Before him, the air began to coalesce, and the air grew suddenly cold. Rufys looked up as, in the corridor not six feet in front of him, a foul being vomited itself into existence, a putrescent muck oozing forth from nothingness to puddle into the air. Its disgusting, globular body dripped acidic pus, which hissed when it hit the metal railing beneath it.
The thing flexed its spidery limbs and cackled.
"Weak flesh puppet," it hissed. "The Changer sees all versions of you! You are-"
Its horrible voice cut off as Garamonde reached-
-down and drew-
-his saber, raising-
-it above his head then-
-SWINGING IT DOWN-
-and sliced through the creature's-
-right legs-
-left legs-
-torso-
-HEAD-
-body, screaming as he did so.
There was a hideous noise from the daemon, making a twisted harmony with his own shout. Every instance of Garamonde, every possible version, swung and chopped at the creature, tearing into it before it could speak enough to hypnotize him into a soporific state of weakness.
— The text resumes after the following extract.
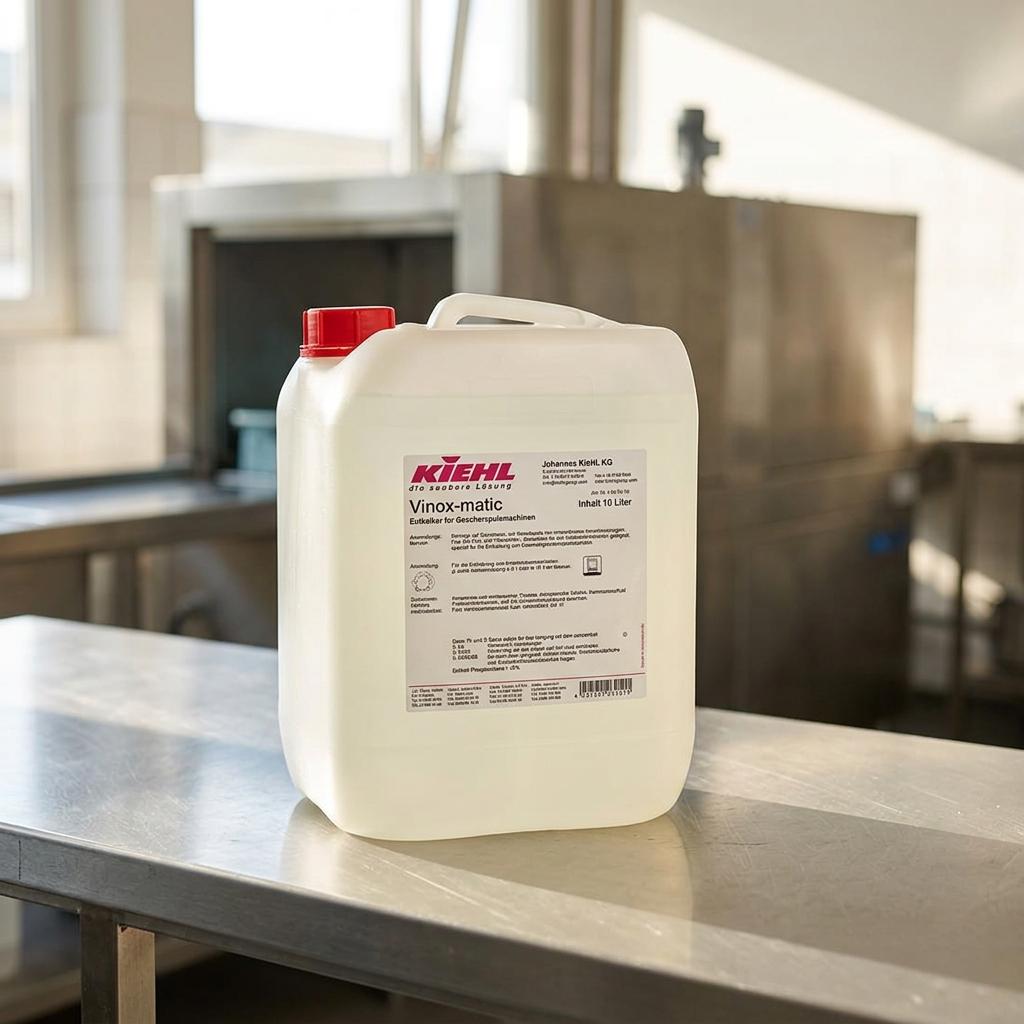 Kiehl Vinox-matic 10 L på stålbord i solrigt opvaskerum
The warp-spawned thing, expecting a weakened opponent, with barely a foothold in realspace, cried out and gurgled, unable to defend itself as Rufys continued to hack it apart, piece by offensive piece. Chunks of bleeding, oozing meat rained down onto the floor, acid bubbling around the bits and eating into the decking.
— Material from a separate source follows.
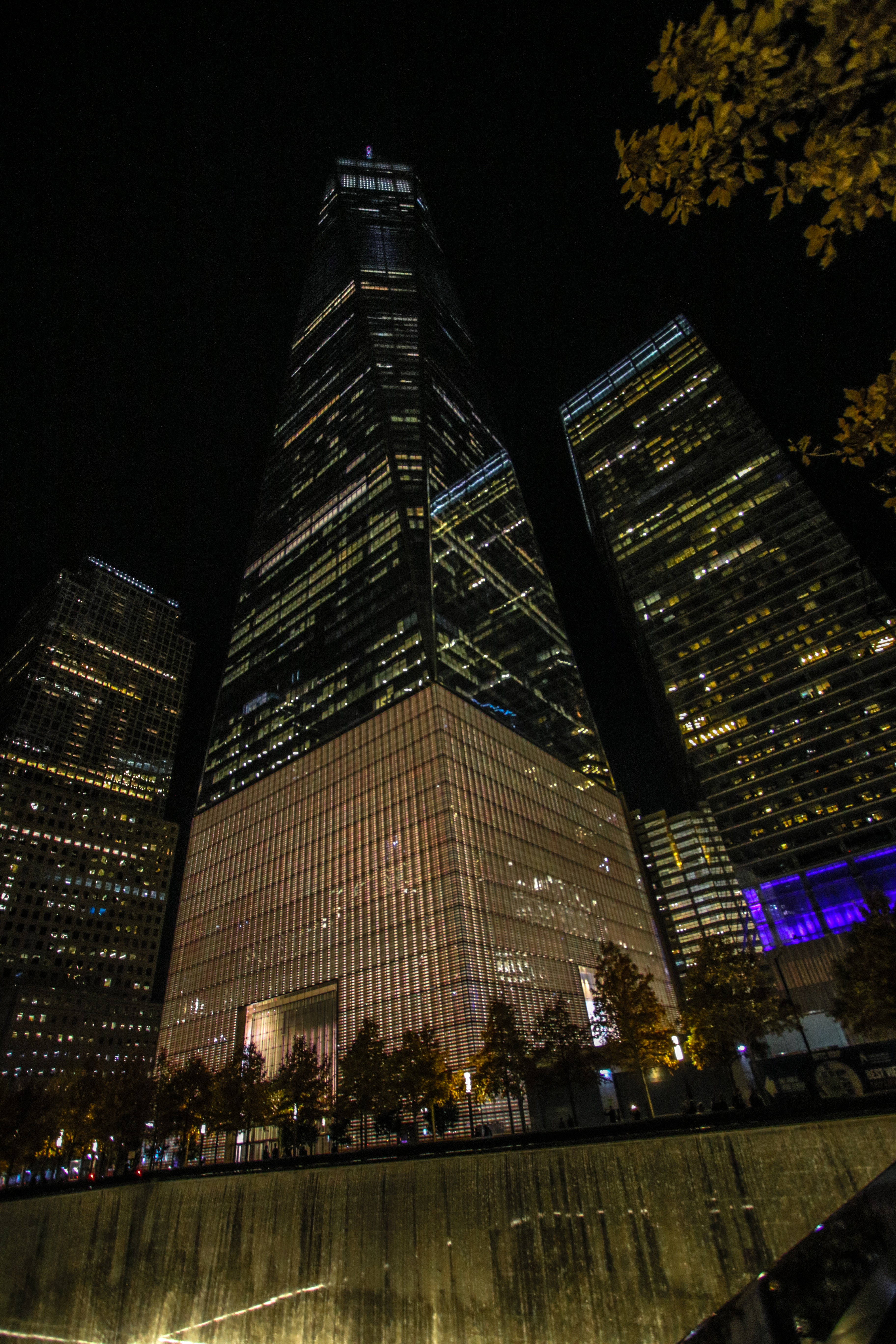 One World Trade Center Нью-Йорк Ночь iPhone Обои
Rufys felt the other realities synchronize before him, like watching trees rush by on a maglev train as the train slows down, the blur turning into recognizable shapes. There was only one here, only one now, and it consisted of nothing but him, his ship, and this vision of horror being torn apart in front of him.
He staggered away as the vile thing's chunks of meat fish flopped on the ground before him. His arms quivering, Rufys slid his saber back into its scabbard before falling to the ground on his hands and knees, shaking, rasps of harsh breath escaping his lungs.
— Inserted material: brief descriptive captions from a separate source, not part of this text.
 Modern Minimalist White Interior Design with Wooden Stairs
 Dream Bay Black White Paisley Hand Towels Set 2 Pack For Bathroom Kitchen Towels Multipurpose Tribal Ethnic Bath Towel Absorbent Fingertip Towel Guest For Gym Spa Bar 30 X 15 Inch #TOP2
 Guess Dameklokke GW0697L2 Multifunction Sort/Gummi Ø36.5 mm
He felt close to vomiting, but brought himself under control, slowly. He felt a presence before him, and a hand on the nape of his neck. He cried out, terrified, but heard Whit whispering, hushing him, cradling his head like a child, and Rufys laid his head against Whit's chest, sobbing as defenselessly as an infant.
Whit stroked his hair, rocking with him, down on his knees so that they were equal height.
"Hush," Whit whispered. "Hush. You're alive. You're alive."
They were the most wonderful, terrifying words Rufys Garamonde could imagine.